Application of laser-induced fluorescence for imaging of model fuels emulating gasoline and gasoline/ethanol blends
Paper i proceeding, 2009
The performance at cold start of spark-ignited car engines is still a challenge since slow and incomplete vaporization of the fuel causes high emissions of unburned hydrocarbons and may even cause difficulties to start at very low temperatures, in particular with alternative fuels such as ethanol. One approach to improve fuel evaporation is by direct injection into the cylinder late during the compression stroke. In this study the evaporation of fuel, including selective evaporation of fuel components of different volatility, has been studied, in sprays injected into air with a controlled pressure and temperature.
Planar laser-induced fluorescence (PLIF) and Mie scattering were used to image the fuel distribution in vapor and liquid phase in a cross-section of sprays. A model fuel of non-fluorescent molecules was used and a fluorescent tracer molecule was added. To simulate a fuel with a distillation curve similar to gasoline a multi-component model fuel was selected. The fuel was composed of five iso- or cyclo-alkenes with boiling points that span the 30-190°C range. As fluorescence tracers ketones: acetone, 3-pentanone and methylcyclohexanone, were used to trace light, medium-heavy and heavy fuel fractions. Besides investigating the gasoline-like model fuel, ethanol and an etha-nol/multi-components fuel blend were investigated.

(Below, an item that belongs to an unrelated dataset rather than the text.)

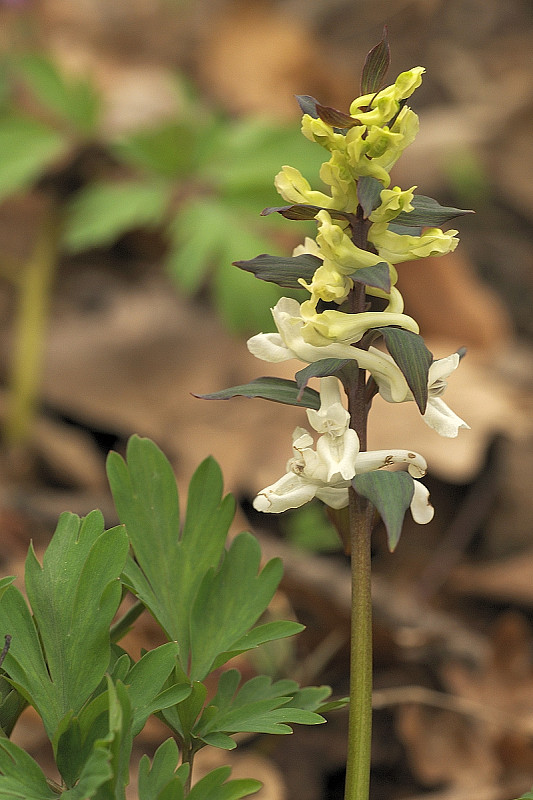 chochlačka dutá Corydalis cava (L.) Schweigg. et Körte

Spray imaging was carried out in a pressurized chamber. The injector was an outward-opening piezo-actuated injector generating a hollow-cone spray. A cross-section of the spray was illuminated by laser light at a wavelength of 266 nm formed into a thin sheet. Two intensified CCD-cameras were used to detect fluorescence and scattered light. The presence and penetration of liquid was determined by detecting Mie-scattered light. The PLIF-images provided the total distribution of fuel in liquid and vapor phase, and by comparing with the Mie-images it could be determined when the vapor started to appear in areas with little or no drops present indicating the presence of fuel vapor. It was found that at 90°C the light fuel components evaporated quickly, the medium-heavy components slowly while the heavy ones remained in liquid phase. At 140°C also the medium-heavy components evaporate relatively rapidly.